Следует еще сказать, что мальчики и девочки отличаются в своих сочинениях еще в двух отношениях. Первые дают более богатый фактический материал, их описания точнее и ярче, затем они гораздо больше рассуждают, а иногда и резонерствуют, вторые зато эмоциональнее и потому более раскрывают свой внутренний мир. В их сочинениях семье и родителям посвящено несравненно больше места, чем у мальчиков, которые, особенно в старших классах, иногда совершенно о них не упоминают. Кроме того, пробыв те годы, когда их братья были на фронте, дома или в учебном заведении, они грамотнее пишут и глубже вошли в школу. Резюмируя, можно сказать, что нормальная обычная дифференциация полов в период, совпадающий с прохождением через средние классы средней школы, благодаря указанным выше причинам сказывается теперь резче. Резкая разница детей младшего и старшего возраста, рассмотренная в отношении их пола, особенно сказывается в отношении к ним школы и их к ней – места, которое школа в их жизни занимает, и ее роли для них.

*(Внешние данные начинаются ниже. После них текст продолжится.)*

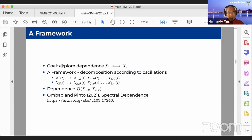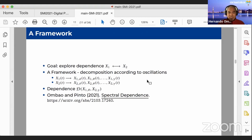The goal is to explore dependence between X1 and X2. We propose a framework where we decompose X1 and X2 into different frequency oscillations — low, middle, and high frequency — and then model dependence between different frequency oscillations, such as the theta oscillation in X1 and the gamma oscillation in another. This talk is based in large part on our joint paper with Marco Pinto, titled 'Spectral Dependence,' currently under review, and the arXiv link is provided.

Дети, находящиеся в современной эмигрантской школе, в зависимости от возраста, могут быть поделены на две группы, которые можно обозначить как учащихся и доучивающихся. 10–14-летние дети, несмотря на страшные, но для многих уже, слава Богу, туманные, выцветшие и потускневшие именно «воспоминания», – уже нормальные учащиеся. Конечно, надо отбросить при этом то, что нарушает их приближение к типу нормального ребенка, а именно не только личное прошлое, но и теперешнее положение многих из их родителей, о котором они пишут. Выбитые из колеи, все еще не устроенные, живущие без перспектив, сегодняшним днем (день да ночь – сутки прочь), в непривычной обстановке, бедные, а еще более непривыкшие к бедности, не выработавшие по отношению к ней иммунитета, – они заботят своих детей, и отклики последних на это многочисленны: «папа не устроился», «мама не работает» или «теперь, слава Богу, папа зарабатывает», «нам было трудно» и т. д. Колебания в одном сочинении между «нам жилось хорошо» и «нам жилось плохо» не редки. И все же это настоящие учащиеся. Это заметно сказывается на их несравнимой со старшими классами относительной грамотности, литературности и психической уравновешенности. Можно сказать, что школа ввела их в нормальные берега [18]. В старших классах положение совершенно иное. Ученик средней школы, голодавший и скитавшийся по всей России, на глазах у которого убили его родителей, избитый и сидевший в чрезвычайке, затаивший горячее чувство мести, принявший участие в гражданской войне с целью отомстить за смерть близких, иногда расстреливавший и почти всегда не могущий этого забыть, много раз раненный, побывавший в плену у красных и бежавший от них в армию, вернувшийся в школу в тот же класс, в котором он был 7 лет тому назад, израненный не только физически, но и душевно, – не может быть приравнен к нормальным учащимся средней школы, как бы страстно сам он этого ни хотел, и как бы добросовестно он ни занимался. И можно только удивляться, что и с ними, по их собственному свидетельству, школа сделала чудеса.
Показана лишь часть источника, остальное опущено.